In 2009, when Fiat agreed to take control of Chrysler after the latter's bankruptcy, it did so in part because the two car companies had little product or market overlap. Fiat was a European specialist in small, fuel-efficient cars and engine technologies, but it had almost no large noncommercial vehicles or presence in North America. Chrysler had a portfolio filled with large cars, pickups and SUVs, but no fuel-efficient small cars and almost no presence outside its home continent.
Alone, neither was likely to survive for long, Chrysler-Fiat CEO Sergio Marchionne reasoned. But together, the two automakers looked like a two-piece jigsaw puzzle with one piece in each of Marchionne's hands.

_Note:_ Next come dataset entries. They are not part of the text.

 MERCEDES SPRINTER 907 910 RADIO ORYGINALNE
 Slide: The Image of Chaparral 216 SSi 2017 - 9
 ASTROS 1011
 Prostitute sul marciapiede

Fiat came to the party with advanced technology and market-tested, flexible platforms that would allow Chrysler to make money on small and mid-sized vehicles that could be brought to market in less than three years. Chrysler, in turn, brought a global powerhouse in its Jeep brand and the market experience to show Fiat how to attract consumers in North America and similar markets.

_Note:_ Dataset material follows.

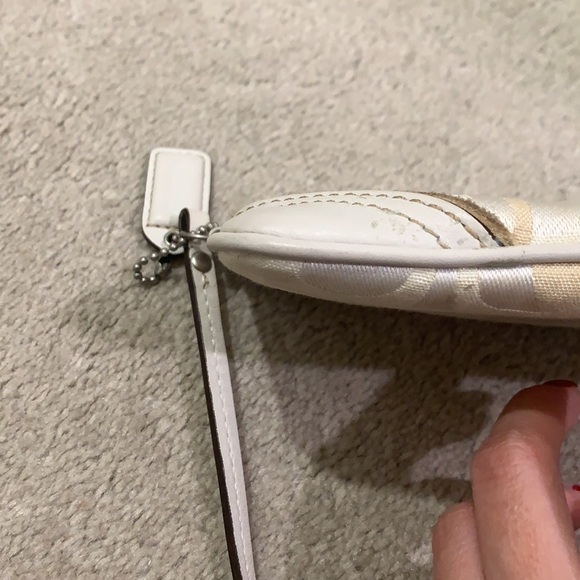 Coach wristlet - Picture 5 of 6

Including the Dart and beyond, Fiat has brought other advances as well, such as its MultiAir variable valve timing technology to boost engine performance and lower emissions.
Fiat also brought its World Class Manufacturing system to Chrysler's plants. The system seeks to eliminate waste from the manufacturing process, including worker injuries, and uses regular audits to express a plant's efficiency. The audits cover plant output, worker and plant safety, product quality, plant waste and job interactions.
The collaboration between Chrysler and Fiat is also responsible for the rebadged Chrysler brand vehicles that are sold in Europe under the Lancia brand with few changes and the rebadged Dodge Journey being sold overseas as the Fiat Freemont.
Mike Merlo, the Dart's chief engineer, said the relationship between Fiat and Chrysler engineers on their first joint project allowed them both to learn.
"It was a very collaborative effort, starting with this platform and working its way into the rest of the product," Merlo said.
There was a point, in the development process, he said, "where there was a handoff, and the Dodge team then took it from there, about a year ago, to the final form."
As the first of what promises to be at least eight vehicles that will share the CUSW platform, the Dart embodies the heart of Marchionne's plan to build vehicles in North America cheaply and profitably.
Merlo said the CUSW platform "is designed to be both longer and shorter than the Dart, so it will be able to carry all of our C- and D-segment vehicles in the future." That spreads the platform development costs across a huge number of vehicles and generates additional savings from being able to share many components among vehicles.
Some of those next vehicles are already out in testing, including the successor to the Jeep Liberty that will be built at Chrysler's Toledo (Ohio) North Assembly plant and a Chrysler 100 hatchback that will join the Dart on the line in Belvidere, Ill. Both of those vehicles are expected in 2013.
From the start, Chrysler's experience with Fiat was strikingly different from its previous tie-ups, especially the failed "merger of equals" with Daimler AG.
Under Daimler, Chrysler's use of its parent company's technology was limited in part to protect the luster of the Mercedes-Benz brand.
"You had such brand separation at the start of the merger that we couldn't share a lug nut with Mercedes for the first two years, so what's the point of merging?" recalled Gary Dilts, who retired as Chrysler's head of U.S. sales in 2006. "It was basically a merger of balance sheets and nothing else."
Dilts said Daimler's attitude toward sharing components began to change with the arrival at Chrysler of Daimler executives Dieter Zetsche and Wolfgang Bernhard. He pointed to the hot-selling Jeep Grand Cherokee, which shares components with the Mercedes M class, as evidence of what could have been.
"The speed of motion at Daimler is very controlled and very rigid compared to what it was at Chrysler," Dilts said. "The wonder of the Jeep Grand Cherokee largely came from Mercedes. It just took too long to get there."
The failed merger with Daimler left its mark on those at Chrysler who lived through it.
At a February 2010 speech to the Economic Club in Chicago, Chrysler design chief Ralph Gilles said that his counterparts at Fiat were "very sympathetic" toward Chrysler. Fiat was then just a few years removed from its own financial near-death experience. During the same speech, Gilles told the audience that, to really discuss what had happened to Chrysler under Daimler "would take hours of time, a couch, and a psychiatrist."